A PyTorch implementation of DenseNet.

Overview

A PyTorch Implementation of DenseNet

This is a PyTorch implementation of the DenseNet-BC architecture as described in the paper Densely Connected Convolutional Networks by G. Huang, Z. Liu, K. Weinberger, and L. van der Maaten. This implementation gets a CIFAR-10+ error rate of 4.77 with a 100-layer DenseNet-BC with a growth rate of 12. Their official implementation and links to many other third-party implementations are available in the liuzhuang13/DenseNet repo on GitHub.

Why DenseNet?

As this table from the DenseNet paper shows, it provides competitive state of the art results on CIFAR-10, CIFAR-100, and SVHN.

Why yet another DenseNet implementation?

PyTorch is a great new framework and it's nice to have these kinds of re-implementations around so that they can be integrated with other PyTorch projects.

How do you know this implementation is correct?

Interestingly while implementing this, I had a lot of trouble getting it to converge and looked at every part of the code closer than I usually would. I compared all of the model's hidden states and gradients with the official implementation to make sure my code was correct and even trained a VGG-style network on CIFAR-10 with the training code here. It turns out that I uncovered a new critical PyTorch bug (now fixed) that was causing this.
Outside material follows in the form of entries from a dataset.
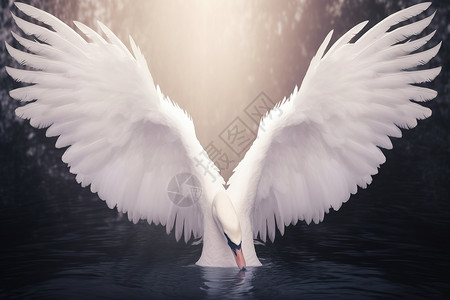 张开翅膀的白天鹅高清图片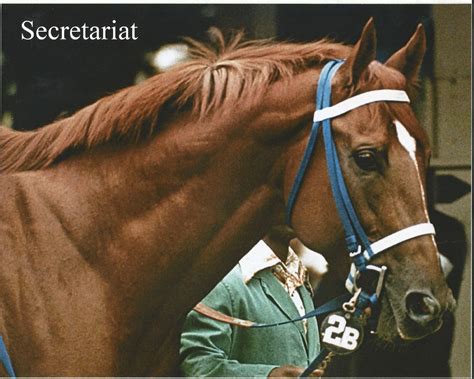 SECRETARIAT Close up Head & Neck Color Photo 10 X 8 - Etsy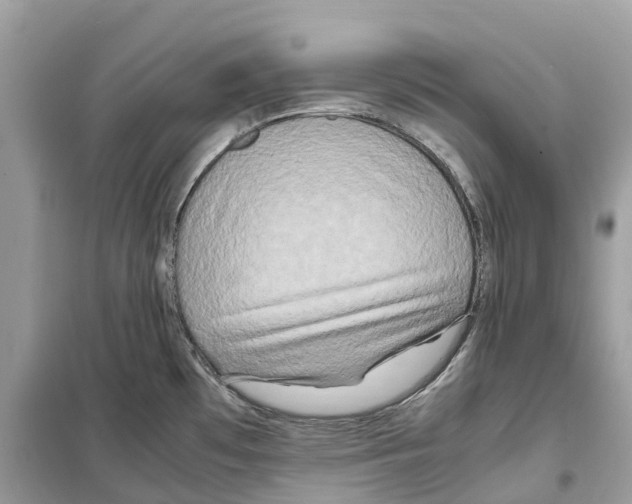 X0000099231481200805221825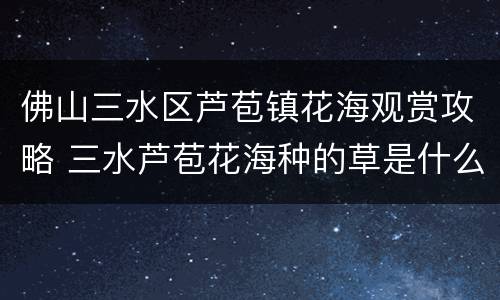 佛山三水区芦苞镇花海观赏攻略 三水芦苞花海种的草是什么草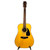 Used Fender DG10/12  Acoustic Guitar Natural 41119-S000038812 View 2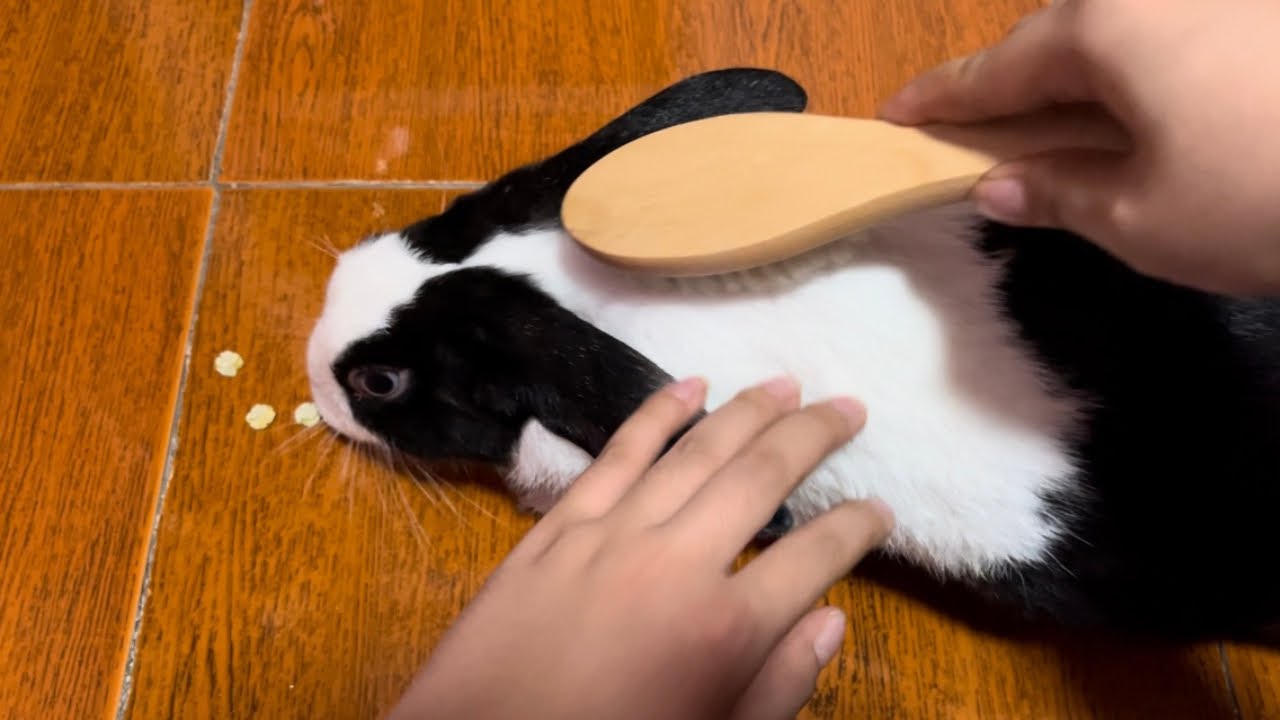 rabbit being brushed while eating treats YouTube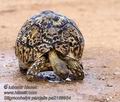 Stigmochelys_pardalisi_pa2169954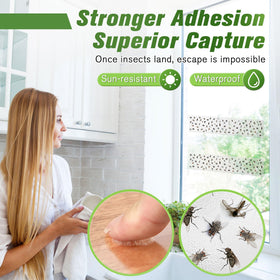 Qualirey weatherproof adhesive fly traps stay effective in sun and humidity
I have left around my original message about how this isn't working and the things that I have checked in this document. I think this should be interesting for other people to see my development and debugging strategies when having issues implementing a model that's known to converge. I also started this PyTorch forum thread, which has a few other discussion points. You may also be interested in my script that compares PyTorch gradients to Torch gradients and my script that numerically checks PyTorch gradients.

My convergence issues were due to a critical PyTorch bug related to using torch.cat with convolutions with cuDNN enabled (which it is by default when CUDA is used). This bug caused incorrect gradients and the fix to this bug is to disable cuDNN (which doesn't have to be done anymore because it's fixed). The oversight in my debugging strategies that caused me to not find this error is that I did not think to disable cuDNN. Until now, I have assumed that the cuDNN option in frameworks are bug-free, but have learned that this is not always the case. I may have also found something if I would have numerically debugged torch.cat layers with convolutions instead of fully connected layers.

Adam fixed the PyTorch bug that caused this in this PR and has been merged into Torch's master branch. If you are interested in using the DenseNet code in this repository, make sure your PyTorch version contains this PR and was downloaded after 2017-02-10.

What does the PyTorch compute graph of the model look like?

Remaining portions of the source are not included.